5.4 - The Lasso | STAT 508 (2024)

A ridge solution can be hard to interpret because it is not sparse (no \(\beta\)'s are set exactly to 0). What if we constrain the \(L1\) norm instead of the Euclidean (\(L2\) norm?

\begin{equation*}
\textrm{Ridge subject to:} \sum_{j=1}^p (\beta_j)^2 < c.
\end{equation*}
\begin{equation*}
\textrm{Lasso subject to:} \sum_{j=1}^p |\beta_j| < c.
\end{equation*}

This is a subtle, but important change. Some of the coefficients may be shrunk exactly to zero.

The least absolute shrinkage and selection operator, or lasso, as described in Tibshirani (1996) is a technique that has received a great deal of interest.

As with ridge regression we assume the covariates are standardized. Lasso estimates of the coefficients (Tibshirani, 1996) achieve \(\min_\beta (Y-X\beta)'(Y-X\beta) + \lambda \sum_{j=1}^p|\beta_j|\), so that the L2 penalty of ridge regression \(\sum_{j=1}^{p}\beta_{j}^{2}\) is replaced by an L1 penalty, \(\sum_{j=1}^{p}|\beta_{j}|\).

Let \(c_0 = \sum_{j=1}^p|\hat{\beta}_{LS,j}|\) denote the absolute size of the least squares estimates. Values of \(0< c < c_0\) cause shrinkage towards zero.

If, for example, \(c = c_0/2\) the average shrinkage of the least squares coefficients is 50%. If \( \lambda\) is sufficiently large, some of the coefficients are driven to zero, leading to a sparse model.

Geometric Interpretation

The lasso performs \( L1 \) shrinkage so that there are "corners'' in the constraint, which in two dimensions corresponds to a diamond. If the sum of squares "hits'' one of these corners, then the coefficient corresponding to the axis is shrunk to zero.

5.4 - The Lasso | STAT 508 (1)

As \(p\) increases, the multidimensional diamond has an increasing number of corners, and so it is highly likely that some coefficients will be set equal to zero. Hence, the lasso performs shrinkage and (effectively) subset selection.

In contrast with subset selection, Lasso performs a soft thresholding: as the smoothing parameter is varied, the sample path of the estimates moves continuously to zero.

Least Angle Regression

The lasso loss function is no longer quadratic, but is still convex:
\begin{equation*}
\textrm{Minimize:} \sum_{i=1}^n(Y_i-\sum_{j=1}^p X_{ij}\beta_j)^2 + \lambda \sum_{j=1}^p|\beta_j|
\end{equation*}

Unlike ridge regression, there is no analytic solution for the lasso because the solution is nonlinear in \( Y \). The entire path of lasso estimates for all values of \( \lambda\) can be efficiently computed through a modification of the Least Angle Regression (LARS) algorithm (Efron et al. 2003).

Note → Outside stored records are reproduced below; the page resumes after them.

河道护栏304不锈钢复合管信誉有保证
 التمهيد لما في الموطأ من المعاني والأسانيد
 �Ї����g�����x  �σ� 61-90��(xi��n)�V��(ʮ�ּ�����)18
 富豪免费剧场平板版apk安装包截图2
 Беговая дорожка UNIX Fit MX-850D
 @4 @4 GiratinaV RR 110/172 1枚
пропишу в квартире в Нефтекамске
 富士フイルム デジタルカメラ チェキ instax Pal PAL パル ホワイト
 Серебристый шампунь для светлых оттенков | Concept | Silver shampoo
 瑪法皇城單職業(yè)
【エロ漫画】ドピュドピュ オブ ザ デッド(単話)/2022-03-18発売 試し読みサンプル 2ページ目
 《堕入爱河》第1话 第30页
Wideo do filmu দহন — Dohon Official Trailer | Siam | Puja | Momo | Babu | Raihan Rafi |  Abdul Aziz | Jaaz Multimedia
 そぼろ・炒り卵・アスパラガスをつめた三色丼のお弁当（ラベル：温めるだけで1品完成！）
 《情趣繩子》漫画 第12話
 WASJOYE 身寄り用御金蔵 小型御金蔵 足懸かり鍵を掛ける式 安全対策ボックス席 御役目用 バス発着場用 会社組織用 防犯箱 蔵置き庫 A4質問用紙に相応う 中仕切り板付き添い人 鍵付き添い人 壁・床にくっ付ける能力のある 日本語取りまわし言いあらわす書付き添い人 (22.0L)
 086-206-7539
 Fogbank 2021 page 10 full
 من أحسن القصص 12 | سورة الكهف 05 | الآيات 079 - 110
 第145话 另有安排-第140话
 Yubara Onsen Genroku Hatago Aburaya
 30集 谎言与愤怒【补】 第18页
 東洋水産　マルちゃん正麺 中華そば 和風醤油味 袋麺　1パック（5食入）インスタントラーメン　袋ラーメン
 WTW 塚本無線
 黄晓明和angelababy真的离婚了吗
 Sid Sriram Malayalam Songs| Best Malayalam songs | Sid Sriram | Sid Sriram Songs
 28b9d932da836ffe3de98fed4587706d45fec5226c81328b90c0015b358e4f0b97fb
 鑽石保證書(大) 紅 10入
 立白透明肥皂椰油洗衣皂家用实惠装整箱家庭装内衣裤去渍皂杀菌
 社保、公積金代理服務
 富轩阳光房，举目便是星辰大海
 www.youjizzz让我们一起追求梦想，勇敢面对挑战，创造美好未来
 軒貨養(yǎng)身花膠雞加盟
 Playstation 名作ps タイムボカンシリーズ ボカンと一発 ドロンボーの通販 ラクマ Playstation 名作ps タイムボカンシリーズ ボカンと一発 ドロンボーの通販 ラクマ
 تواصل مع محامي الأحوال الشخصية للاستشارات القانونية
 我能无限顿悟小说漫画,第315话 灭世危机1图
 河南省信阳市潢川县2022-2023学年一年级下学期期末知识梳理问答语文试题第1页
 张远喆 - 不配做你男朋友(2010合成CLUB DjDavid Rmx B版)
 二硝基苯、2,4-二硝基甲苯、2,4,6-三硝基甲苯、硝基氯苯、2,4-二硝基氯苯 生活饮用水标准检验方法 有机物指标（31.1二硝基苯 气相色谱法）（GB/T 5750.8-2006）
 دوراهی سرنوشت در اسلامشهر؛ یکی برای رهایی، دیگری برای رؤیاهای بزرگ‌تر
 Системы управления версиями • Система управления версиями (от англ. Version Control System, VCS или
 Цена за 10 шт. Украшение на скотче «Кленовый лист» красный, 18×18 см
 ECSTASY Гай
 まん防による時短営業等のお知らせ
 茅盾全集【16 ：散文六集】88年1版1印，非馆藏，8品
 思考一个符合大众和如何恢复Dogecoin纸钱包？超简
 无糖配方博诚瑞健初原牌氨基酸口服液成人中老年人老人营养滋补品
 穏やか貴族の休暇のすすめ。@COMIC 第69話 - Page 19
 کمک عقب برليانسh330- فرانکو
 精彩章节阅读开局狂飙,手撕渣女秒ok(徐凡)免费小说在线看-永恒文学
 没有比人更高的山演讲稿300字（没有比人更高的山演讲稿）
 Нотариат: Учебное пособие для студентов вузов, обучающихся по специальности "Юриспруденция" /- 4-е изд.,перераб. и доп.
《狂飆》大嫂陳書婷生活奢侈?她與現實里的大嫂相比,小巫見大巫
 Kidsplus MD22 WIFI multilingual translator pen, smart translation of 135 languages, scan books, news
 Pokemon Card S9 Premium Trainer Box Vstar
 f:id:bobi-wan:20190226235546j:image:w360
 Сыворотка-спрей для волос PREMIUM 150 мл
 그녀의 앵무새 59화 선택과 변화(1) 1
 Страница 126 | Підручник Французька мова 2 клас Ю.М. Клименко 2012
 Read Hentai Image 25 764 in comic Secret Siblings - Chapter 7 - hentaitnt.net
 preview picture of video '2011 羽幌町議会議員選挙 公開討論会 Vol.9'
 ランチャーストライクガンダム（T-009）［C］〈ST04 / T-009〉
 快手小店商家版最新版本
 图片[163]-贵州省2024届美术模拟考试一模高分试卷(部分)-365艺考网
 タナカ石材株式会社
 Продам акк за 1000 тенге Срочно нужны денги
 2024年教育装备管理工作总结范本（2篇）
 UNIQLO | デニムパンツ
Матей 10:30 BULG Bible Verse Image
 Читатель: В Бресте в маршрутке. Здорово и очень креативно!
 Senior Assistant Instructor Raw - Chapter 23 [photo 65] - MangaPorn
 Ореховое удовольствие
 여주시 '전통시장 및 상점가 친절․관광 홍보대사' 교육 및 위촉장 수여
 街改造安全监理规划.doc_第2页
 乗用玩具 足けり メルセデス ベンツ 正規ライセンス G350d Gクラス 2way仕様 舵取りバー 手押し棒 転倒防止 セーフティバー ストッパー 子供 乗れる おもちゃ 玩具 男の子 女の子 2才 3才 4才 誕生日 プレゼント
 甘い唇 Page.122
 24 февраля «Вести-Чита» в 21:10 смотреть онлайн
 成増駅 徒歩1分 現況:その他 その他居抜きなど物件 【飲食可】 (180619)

Lasso and ridge regression both put penalties on \( \beta \). More generally, penalties of the form \(\lambda \sum_{j=1}^p |\beta_j|^q\) may be considered, for \(q\geq0\). Ridge regression and the lasso correspond to \(q = 2\) and \(q = 1\), respectively. When \( X_j \) is weakly related with \( Y \), the lasso pulls \(\beta_j\) to zero faster than ridge regression.

Inference for Lasso Estimation

The ordinary lasso does not address the uncertainty of parameter estimation; standard errors for \( \beta \)'s are not immediately available.

For inference using the lasso estimator, various standard error estimators have been proposed:

  • Tibshirani (1996) suggested the bootstrap (Efron, 1979) for the estimation of standard errors and derived an approximate closed-form estimate.

  • Fan and Li (2001) derived the sandwich formula in the likelihood setting as an estimator for the covariance of the estimates.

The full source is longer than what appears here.